Jadi Vaksin Corona RI, Pakai Cara Lama atau Baru Nih?

Jakarta, CNBC Indonesia - Kandidat vaksin Covid-19 yang dikembangkan saat ini ada yang dengan platform lama atau konvensional ada juga yang baru. RI tengah mengembangkan vaksin dengan kedua platform tersebut.
Dalam pengembangan vaksin, Bio Farma menggandeng perusahaan farmasi asal China bernama Sinovac. Kandidat vaksin Sinovac yang diberi nama CoronaVac saat ini sedang menjalani tahap uji klinis tahap akhir di Indonesia.
CoronaVac menggunakan platform teknologi gaya lama karena kandidat vaksin ini adalah virus SARS-CoV-2 yang telah diinaktifkan. Ketika virus diinaktifkan, maka kemampuannya untuk menginfeksi menjadi tidak ada tetapi masih mampu memicu respons kekebalan tubuh.
Selain Bio Farma, ada juga konsorsium vaksin lokal yang dipimpin oleh Lembaga Biologi Molekuler Eijkman. Konsorsium ini juga melibatkan perusahaan farmasi pelat merah Bio Farma. Hanya saja proyek pengembangan vaksinnya berbeda.

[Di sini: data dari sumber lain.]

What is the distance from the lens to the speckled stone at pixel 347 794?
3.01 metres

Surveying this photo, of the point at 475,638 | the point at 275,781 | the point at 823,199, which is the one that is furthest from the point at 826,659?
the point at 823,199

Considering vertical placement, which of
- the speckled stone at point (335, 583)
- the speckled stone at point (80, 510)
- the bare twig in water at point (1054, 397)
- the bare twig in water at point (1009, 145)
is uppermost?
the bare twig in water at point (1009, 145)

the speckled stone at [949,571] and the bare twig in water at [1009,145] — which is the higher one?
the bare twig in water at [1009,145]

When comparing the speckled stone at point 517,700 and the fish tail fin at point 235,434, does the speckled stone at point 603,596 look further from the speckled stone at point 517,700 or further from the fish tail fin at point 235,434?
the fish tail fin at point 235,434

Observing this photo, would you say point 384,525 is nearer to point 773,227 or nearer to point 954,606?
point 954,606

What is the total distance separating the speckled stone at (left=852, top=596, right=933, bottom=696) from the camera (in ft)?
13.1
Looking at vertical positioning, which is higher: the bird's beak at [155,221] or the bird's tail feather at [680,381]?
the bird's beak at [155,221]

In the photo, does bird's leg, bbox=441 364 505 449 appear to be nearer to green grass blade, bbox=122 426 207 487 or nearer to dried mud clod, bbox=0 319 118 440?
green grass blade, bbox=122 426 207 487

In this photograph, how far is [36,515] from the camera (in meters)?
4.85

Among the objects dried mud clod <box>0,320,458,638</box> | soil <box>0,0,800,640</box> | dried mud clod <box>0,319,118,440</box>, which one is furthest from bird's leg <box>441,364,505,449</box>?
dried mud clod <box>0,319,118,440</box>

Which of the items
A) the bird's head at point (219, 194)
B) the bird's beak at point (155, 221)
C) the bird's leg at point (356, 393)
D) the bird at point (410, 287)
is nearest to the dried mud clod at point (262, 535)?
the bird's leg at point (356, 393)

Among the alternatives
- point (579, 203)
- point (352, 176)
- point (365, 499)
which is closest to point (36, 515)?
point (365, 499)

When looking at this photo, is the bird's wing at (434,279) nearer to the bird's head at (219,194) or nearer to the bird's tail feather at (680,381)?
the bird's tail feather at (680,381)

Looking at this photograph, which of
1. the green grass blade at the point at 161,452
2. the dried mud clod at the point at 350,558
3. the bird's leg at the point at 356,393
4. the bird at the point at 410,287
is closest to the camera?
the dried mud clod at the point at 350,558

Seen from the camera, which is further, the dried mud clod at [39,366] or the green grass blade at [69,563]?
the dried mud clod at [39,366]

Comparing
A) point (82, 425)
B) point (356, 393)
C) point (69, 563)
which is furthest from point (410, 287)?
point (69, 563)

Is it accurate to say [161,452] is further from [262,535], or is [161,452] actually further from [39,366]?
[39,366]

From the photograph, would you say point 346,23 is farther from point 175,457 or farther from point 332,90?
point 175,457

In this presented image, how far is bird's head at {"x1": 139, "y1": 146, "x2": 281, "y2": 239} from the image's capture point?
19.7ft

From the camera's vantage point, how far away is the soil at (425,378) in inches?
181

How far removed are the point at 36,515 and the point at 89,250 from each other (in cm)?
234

Selain proyeknya berbeda, platform yang digunakan untuk kandidat vaksinnya pun berbeda. Konsorsium vaksin LBM Eijkman menggunakan pendekatan protein rekombinan untuk membuat vaksin yang diberi nama Merah Putih itu.
Artinya jika kandidat vaksin Sinovac menggunakan virus utuh, maka kandidat vaksin Merah Putih menggunakan bagian dari virus saja yang disebut antigen. Hal ini pun diungkapkan oleh Profesor Amin Soebandrio dari LBM Eijkman.

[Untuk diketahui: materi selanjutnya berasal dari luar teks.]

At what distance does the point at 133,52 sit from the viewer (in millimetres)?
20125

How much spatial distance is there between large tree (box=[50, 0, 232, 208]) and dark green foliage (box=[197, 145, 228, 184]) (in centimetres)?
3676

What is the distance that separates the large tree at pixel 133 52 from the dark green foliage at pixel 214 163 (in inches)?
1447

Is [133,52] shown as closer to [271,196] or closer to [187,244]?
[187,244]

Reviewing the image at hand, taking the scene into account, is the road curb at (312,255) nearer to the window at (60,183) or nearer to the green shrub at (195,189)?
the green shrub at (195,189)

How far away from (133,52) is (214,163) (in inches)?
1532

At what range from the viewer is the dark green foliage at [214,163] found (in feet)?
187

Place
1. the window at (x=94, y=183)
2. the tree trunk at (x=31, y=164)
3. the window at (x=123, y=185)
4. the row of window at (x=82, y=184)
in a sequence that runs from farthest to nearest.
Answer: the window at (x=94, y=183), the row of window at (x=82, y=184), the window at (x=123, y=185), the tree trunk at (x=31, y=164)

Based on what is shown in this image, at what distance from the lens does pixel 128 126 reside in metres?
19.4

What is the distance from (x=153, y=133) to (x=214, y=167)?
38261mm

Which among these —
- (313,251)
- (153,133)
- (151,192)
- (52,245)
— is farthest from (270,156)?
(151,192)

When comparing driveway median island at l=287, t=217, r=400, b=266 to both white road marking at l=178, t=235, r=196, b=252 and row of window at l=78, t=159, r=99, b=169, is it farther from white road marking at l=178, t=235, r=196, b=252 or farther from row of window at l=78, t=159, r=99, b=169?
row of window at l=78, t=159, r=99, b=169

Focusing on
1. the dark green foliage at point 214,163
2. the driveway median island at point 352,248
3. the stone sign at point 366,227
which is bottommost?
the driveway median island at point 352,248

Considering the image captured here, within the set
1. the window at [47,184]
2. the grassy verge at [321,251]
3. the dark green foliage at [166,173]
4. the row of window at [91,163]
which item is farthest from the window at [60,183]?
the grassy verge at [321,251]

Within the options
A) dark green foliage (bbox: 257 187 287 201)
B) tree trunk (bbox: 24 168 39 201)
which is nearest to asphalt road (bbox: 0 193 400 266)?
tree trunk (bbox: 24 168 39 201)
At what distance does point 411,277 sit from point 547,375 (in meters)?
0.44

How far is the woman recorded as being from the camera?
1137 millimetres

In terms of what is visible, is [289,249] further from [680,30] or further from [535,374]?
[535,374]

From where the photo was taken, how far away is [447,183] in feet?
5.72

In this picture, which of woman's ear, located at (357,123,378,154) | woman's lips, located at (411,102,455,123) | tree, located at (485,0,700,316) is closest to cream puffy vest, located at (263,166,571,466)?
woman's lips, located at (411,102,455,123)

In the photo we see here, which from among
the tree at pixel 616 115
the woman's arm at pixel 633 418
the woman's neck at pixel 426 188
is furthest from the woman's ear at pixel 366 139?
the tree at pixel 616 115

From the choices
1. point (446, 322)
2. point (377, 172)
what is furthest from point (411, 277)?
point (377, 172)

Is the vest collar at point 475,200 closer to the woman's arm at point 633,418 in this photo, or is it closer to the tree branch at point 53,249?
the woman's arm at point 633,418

"Perbedaan utamanya adalah platformnya. Kalau Sinovac menggunakan satu virus kemudian diperbanyak di lab lalu virus itu dipisahkan dan dilakukan inaktivasi (inactivated vaccine) setelah itu diformulasikan agar aman bagi manusia. Jadi vaksin yang diberikan adalah keseluruhan virus," kata Direktur LBME, Prof Amin Soebandrio, dalam webinar yang diselenggarakan Society of Indonesian Science Journalist, Minggu (8/8/2020), mengutip detikcom.
"Kalau Merah Putih adalah sub unitnya. Tidak seluruh virusnya, hanya bagian-bagian tertentu dari virus yang dianggap penting kemudian diperbanyak dan dijadikan antigen," tuturnya.
Vaksin Merah Putih sendiri dijadwalkan bisa menyelesaikan uji coba pada hewan di akhir tahun 2020. Setelah uji hewan efektif, bibit dari vaksin ini nantinya akan diserahkan ke Bio Farma untuk dilakukan uji praklinis dan klinis.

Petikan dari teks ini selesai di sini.